Dutch is an online veterinary pet telehealth service, created by pet parents and board-certified veterinary specialists. We use a science-backed approach to provide pets relief for their everyday physical and behavioral health issues. Dutch connects you with licensed veterinarians over video chat and messaging to help you get care for your dog or cat quickly wherever you are — without the stress or expense of a vet visit. We also partner with pharmacies who can deliver prescription medication (in applicable states only) and over-the-counter treatments directly to your door. Dutch isn’t a veterinary practice or pharmacy, but a company that helps facilitate these services for pet parents to make veterinary care more accessible to all.

What is a visit with Dutch like?

When booking a video call with a vet, you'll be asked a few questions about your pet’s health issue. Depending on the issue, you may also be asked to fill out a longer questionnaire about their symptoms and share photographs of them so our veterinarians can better understand what’s going on. You’ll then pick an appointment time that works best for you.

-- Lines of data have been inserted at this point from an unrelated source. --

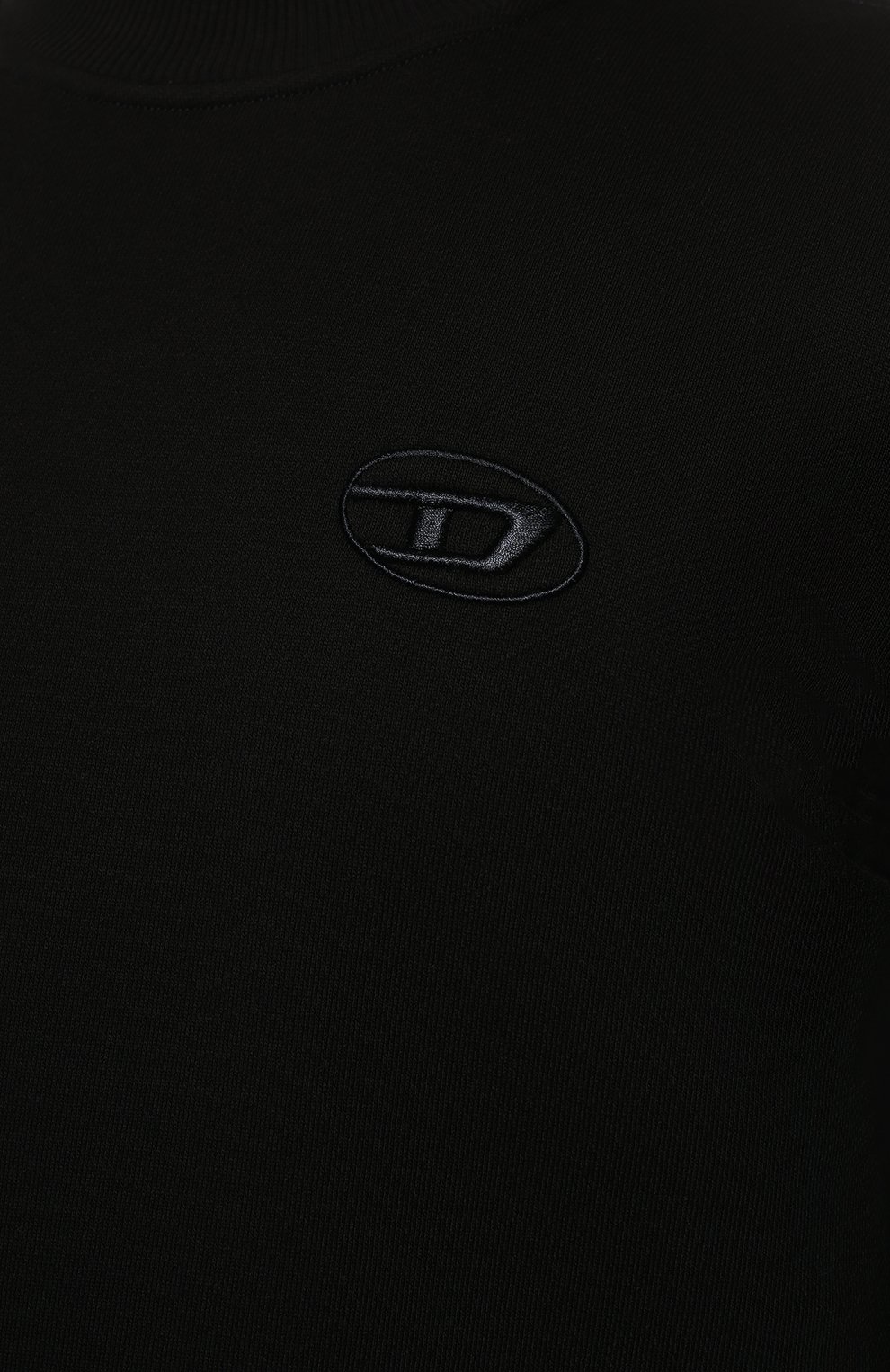 Хлопковый джемпер Diesel A03696/0DFAD, цвет чёрный, размер 52 A03696/0DFAD - фото 5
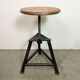 Black Industrial Workshop Swivel Stool, 1960s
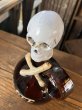 画像5: 50s Vintage SKULL " LAY OFF " Poison Decanter Bottle (A122) (5)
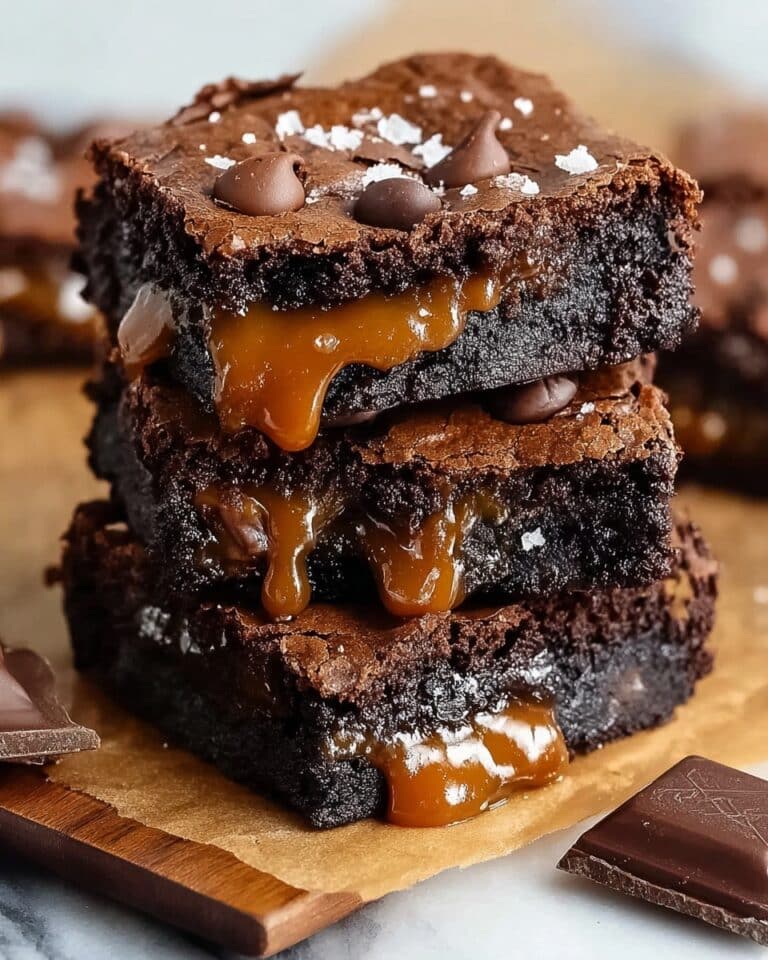 Caramel Chocolate Chunk Brownies Recipe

During your video call, one of our licensed veterinarians will talk to you about the symptoms your pet is experiencing, ask you questions, review your pet’s medical history if you’ve provided it, and answer any questions you have. The vet will ask to see your pet and their environment. And they may ask you to perform some simple checks on them if needed.

After your video call, the vet will send you a message with a custom treatment plan to help your pet feel better, including a link to buy any recommended prescription or over-the-counter medications. Place your order and we’ll ship it free.

How much will it cost for Dutch to treat my pet?

The Dutch membership starts at $7/mo for unlimited access to the vet. No more long waits for appointments or surprise bills.

In addition to the base membership plan, our veterinarians may also recommend additional medication (Rx and/or OTC) that you will have the option of adding to your plan at an additional cost.